There was the guy I met who was a gravedigger. He had the kindest eyes I’ve ever seen and, quite frankly, was built like you could imagine a man that works in the dirt would. Tight and sinewy, he was listening to a conversation I was having about reality television (No POLITICS or people bitching at me about politics when they don’t know me because I honestly need a break from it thus seeking out a new ear and voice) and I mentioned that I loved Deadliest Catch. I also said that staged dating reality shows make me want to stab a Hummer.
He said, “I do too. It’s a show that makes me cry and it’s real. They should win an Emmy this year.”
We went on to discuss how it was hard not to bawl when Capt. Phil died and how the finale was just as devastating as Edgar told Sig he was ready to take a break.
My gravedigger said, “Sig felt like he had done something wrong. Men do that. We hide behind anger because we can’t deal with stronger emotions because they are bruising to our very souls. We take it out on those people we care about entirely too often. We shouldn’t but we do.”
A poet … I found a man that puts coffins in the ground who was wrapping words around as if they were light feathers caught in the sun.
We continued to talk, with other folks I might add, about genders and what is expected and what is reality.
He knew Squirrel Queen’s father and mentioned that he had been in charge of burying her grandmother last year. He said he had gotten him out of a jam awhile back but he didn’t tell me why or what J.D. had actually done for him. I didn’t press it and no one else did either.
“Are there ghosts at the cemeteries you work at?” I said, because sometimes I have the social skills of a cabbage.
He smiled, “I think so. I feel the air stir sometimes when I am alone. I know someone is there and I always try to say hello, to let them know I’m taking care of them the best I can.”
The conversation went on a bit but it was time for me to leave. We talked of many things, of how the heat destroyed the fresh flowers on the graves, on how he sometimes saw people crying desperate tears for their losses and how he would wait for them leaving them with their grief.

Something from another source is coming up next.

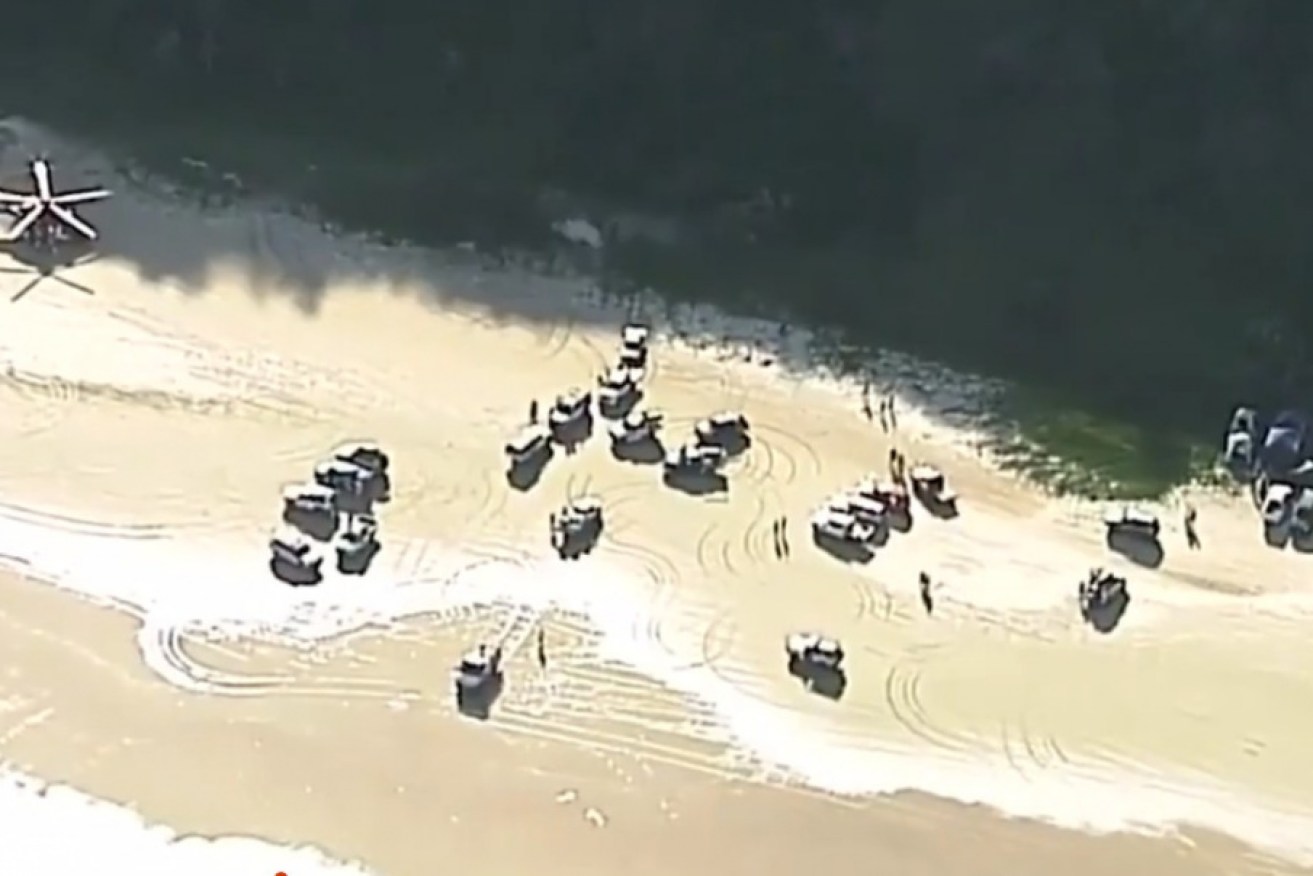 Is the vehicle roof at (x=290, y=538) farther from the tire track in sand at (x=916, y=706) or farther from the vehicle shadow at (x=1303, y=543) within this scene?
the vehicle shadow at (x=1303, y=543)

He talked of his first child and how she still spoke to spirits in their older house and how she would smile at things he could not see and how he could feel them though when he was alone with the day-to-day tasks with his job.
“What is your name?” he asked as I stood up to go.
“I am just nobody really, but my friends call me Trace,” I smiled.
“You having a bad day? You definitely aren’t nobody,” he laughed and reached for my hand, shaking it within his. “I am Thomas.”
I said it was nice to meet him and that I was having a day of having the self-confidence of roadkill, a summer actually but I didn’t tell him that although I believe I could have and it would have been more than okay.He nodded knowingly saying he had been there, done that.
“You are going to remember me as Thomas the Gravedigger. And when you do, that’s alright with me,” he said. “You aren’t telling me everything and that’s okay too. Did you just need a day to be free?”
I nodded.
“Well, were you?” Thomas asked.
“Yes,” I said. “And thank you more than you will ever know.”
A gravedigger taught me some lessons in life and humility.
Thank you Thomas, I needed that. I needed it like water. I needed to not be anyone or anything other than Trace for a little while who likes a show about crab fishing and likes to talk about ghosts.
Thank you, sweet gravedigger.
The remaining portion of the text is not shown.